Setting an exit goal early is crucial when founding a startup, shared Robert Zhou, a Kansas City serial entrepreneur-turned-angel investor.
“Every startup I mentor, I ask the founder this from Day 1: ‘What’s your goal?’” he explained. “‘Are you trying to build a business that you ultimately sell for $10 million? Is it $1 million? Is it $100 million?’ So the answer that the founder gives is really, really critical. Because if you think about the strategy of building a $500 million company versus $50 million versus $5 million, it’s a completely different landscape, completely different approach.”
“The strategy and approach of your whole entire life cycle really depends on this key question of where you want to exit,” he added.
Zhou — who has navigated multiple successful exits, including those of Red Nova Labs and Legalfit, which had a combined enterprise value of over $100 million — offered his insight Tuesday during a UMKC Technology Venture Studio Sound Byte panel on preparing for mergers and acquisitions at Husch Blackwell’s local headquarters on the Country Club Plaza.
Tuesday’s conversation also included Phil Reynolds, co-founder and CEO of DevStride, and Paige Reese and Gabriel Riekhof, both associates at Husch Blackwell, a startup-friendly law firm with offices in Kansas City.
“I agree very much that your exit horizon matters a great deal,” noted Reynolds, who navigated an exit with his previous startup BriteCore. “If you’ve accepted capital from an outside firm, their exit horizon matters more than yours. They get to tell you when you exit, so you need to understand that.”
Planning that “ending” is just one of several steps a founder should take early in the life of their startup to prepare for an exit, according to the panelists. It’s important for founders to begin shaping the narrative of what they are hoping to accomplish, Reynolds said.
“The people who are likely to acquire you are going to be following along,” he explained. “Probably the biggest mistake I see early founders make on this front is changing their story as the reality of the ground changes.

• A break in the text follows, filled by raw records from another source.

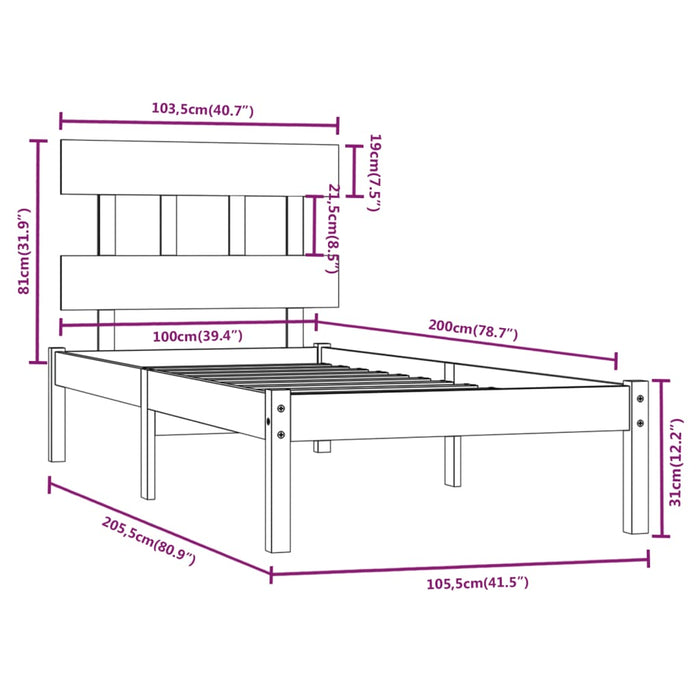 Massivholzbett Grau 100x200 cm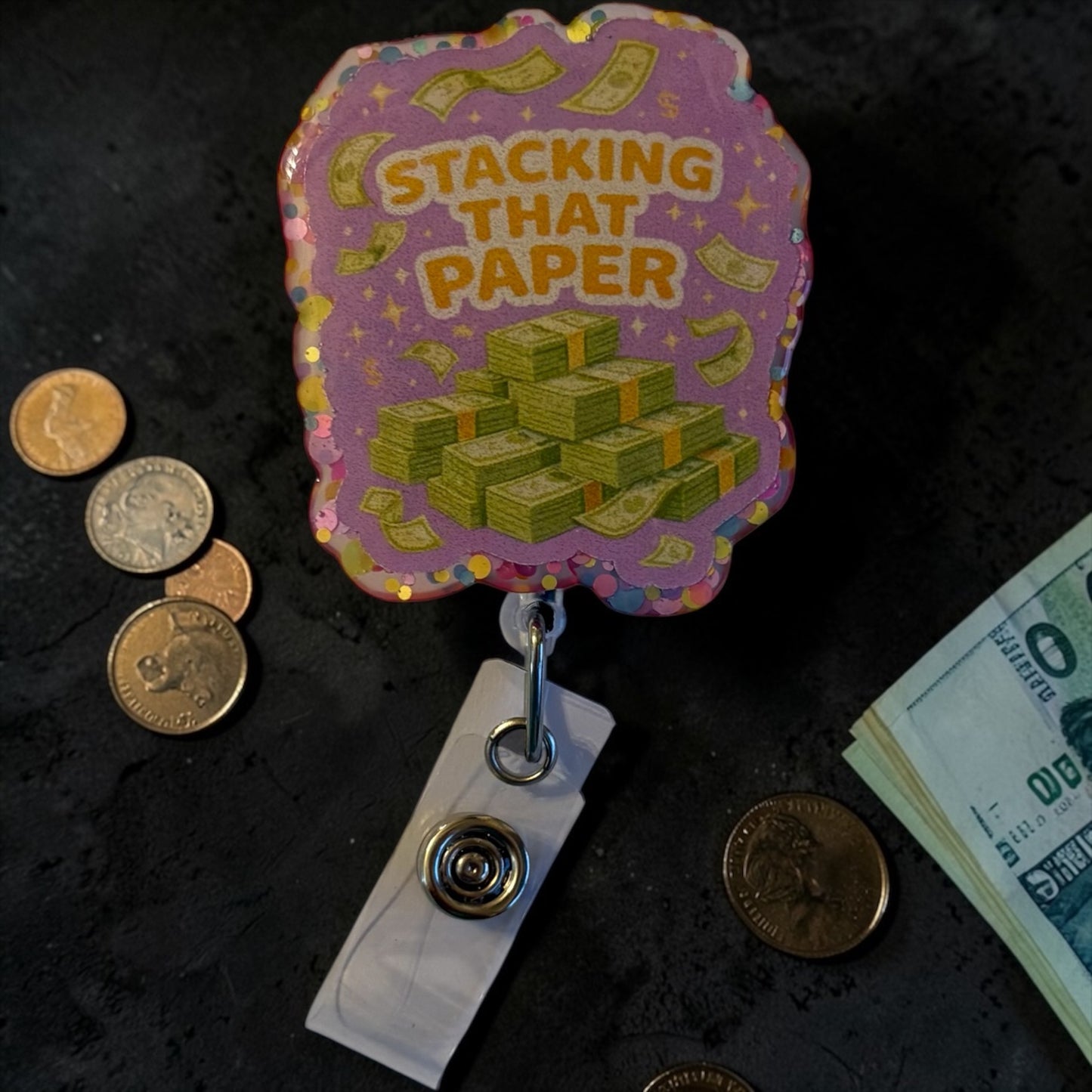 Stacking That Paper Badge Reel – Funny Nurse Badge Holder | Healthcare Worker Gift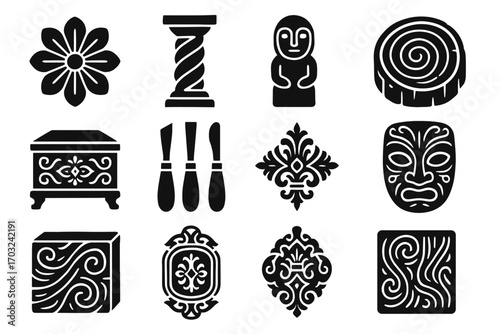Tools box carving set figurine wood carved icons vector icon block wooden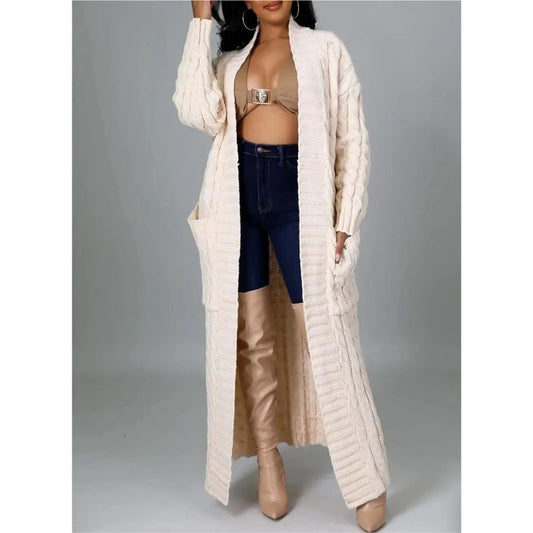 Apricot Long Coat Knit Cardigan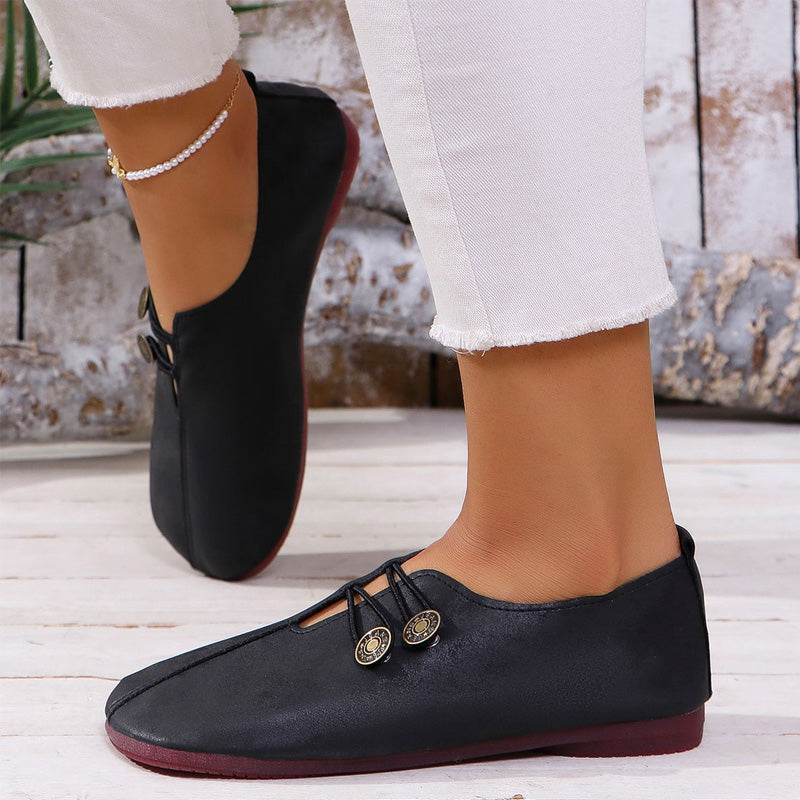 Damskie płaskie buty skórzane z miękkiej skóry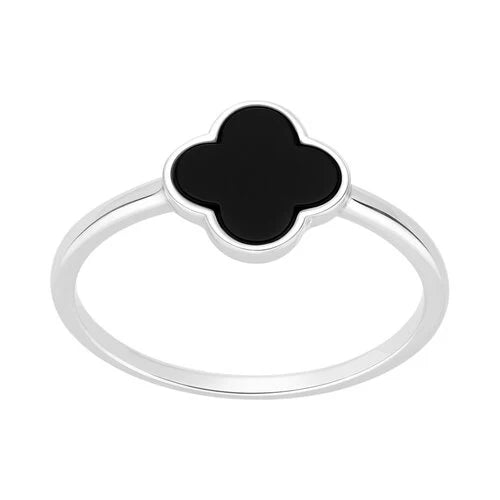 Anillo Trébol de la Suerte Ónix 14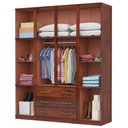 Ver imagem 3 de Guarda-Roupa Casal Paris 10 Portas 3 Gavetas com Espelho Madeira Maciça Mogano 1333 - Lanes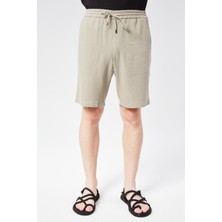 Erkek Beli Lastikli Bağcıklı Keten Karışımlı Slim Fit Jogger Şort Yeşil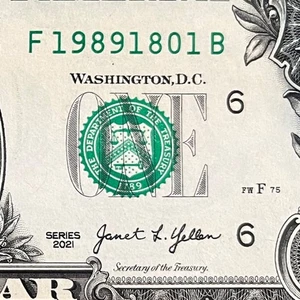 January 18, 1989 (19891801) One Dollar Fancy Serial Number Birthday Note - Picture 1 of 3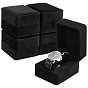 Wood & Velvet Organizer Boxes, Rectangle Glass Jewelry Box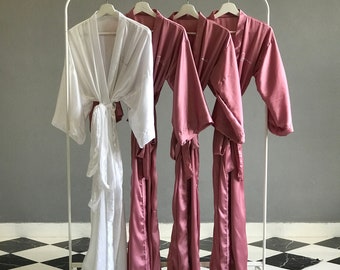 Dusty pink mauve and white silk satin ankle/calf length long personalized robes for bridesmaids, bride, mother of the bride, groom.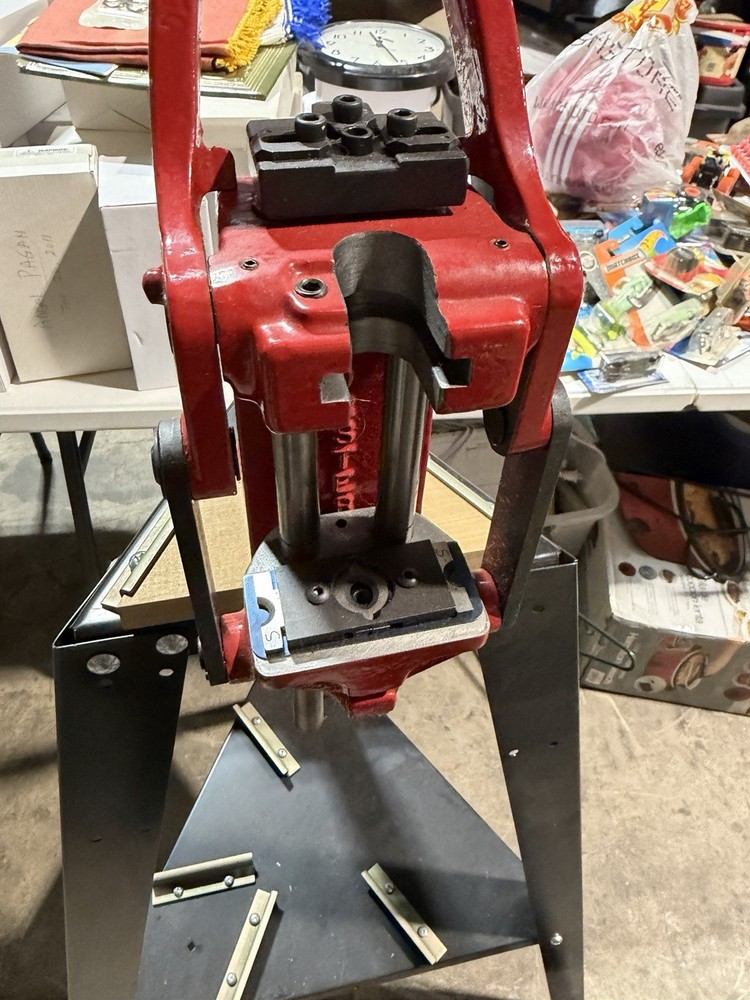 Forster Co-Ax single-stage reloading press On A Dedicated Press Stand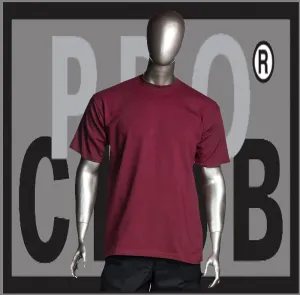 Burgundy Short Sleeve Crew Neck Pro Club Comfort T Shirt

It undermines their credibility.”
It’s also crucial to begin building relationships early with private equity firms, investment bankers, and attorneys, Zhou said.
“It’s not something you can wait until, ‘Hey, I’m ready to sell; OK I gotta go do all this work,’” he continued. “The work needs to happen very early.”

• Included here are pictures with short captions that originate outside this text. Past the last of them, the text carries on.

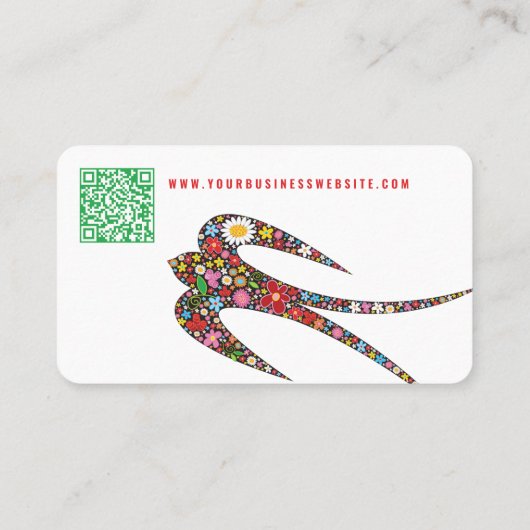 Broodvogel en kleurrijke lentbloemen visitekaartje (Achterkant)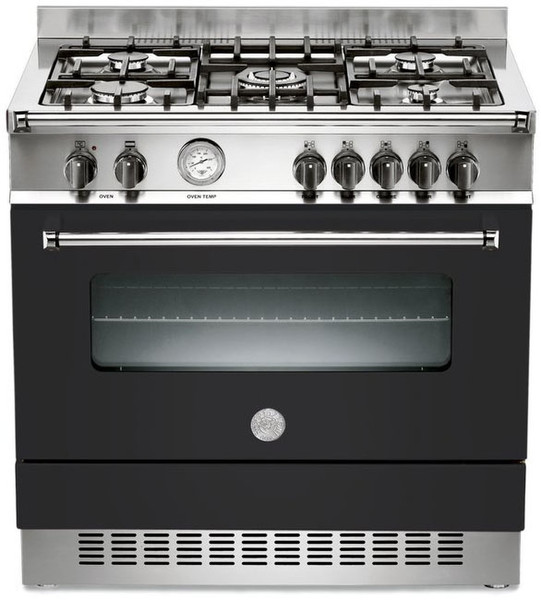 Bertazzoni A90 5 MFE NET Отдельностоящий Gas hob Черный кухонная плита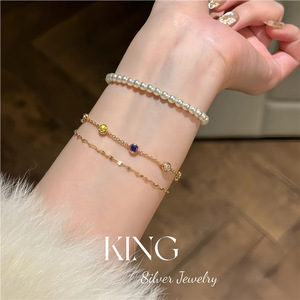 King Silver Jewelry S925 Silver Gold Plated Rainbow Bubble <b>Bracelet</b> Women's Fashion Gift Jewelry - Product Image 5
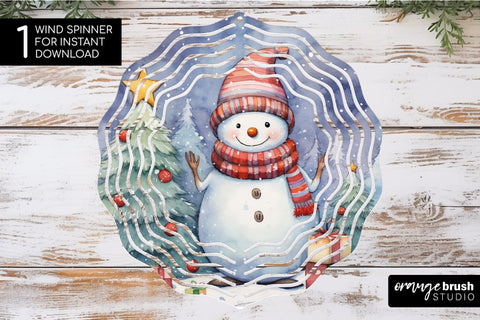 Christmas Wind Spinner Sublimation Snowman Round PNG Design Sublimation OrangeBrushStudio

Building connections with other players in the legal tech space — before it was time to sell, Zhou noted, was key to Legalfit’s acquisition by Centerbase.
“The reason we were able to get multiple buyers to compete was because a lot of those relationships were built many, many years before we were selling the company,” he added.
It’s also important to be tracking the startup’s key performance indicators — like revenue, growth, net dollar retention, revenue retention — early and often and adjusting where needed.
“All these key factors should really be visible — and not only visible — it should be something that you’re constantly checking against,” he explained. “At Legalfit, we took all our KPIs and we made them into these digital dashboards; they were in real time. We had them all over the office and for all sorts of different departments. So that made it extremely easy when we were ready to sell the company.”
“Getting your business ready to sell is exactly the same as growing your business over time,” he added.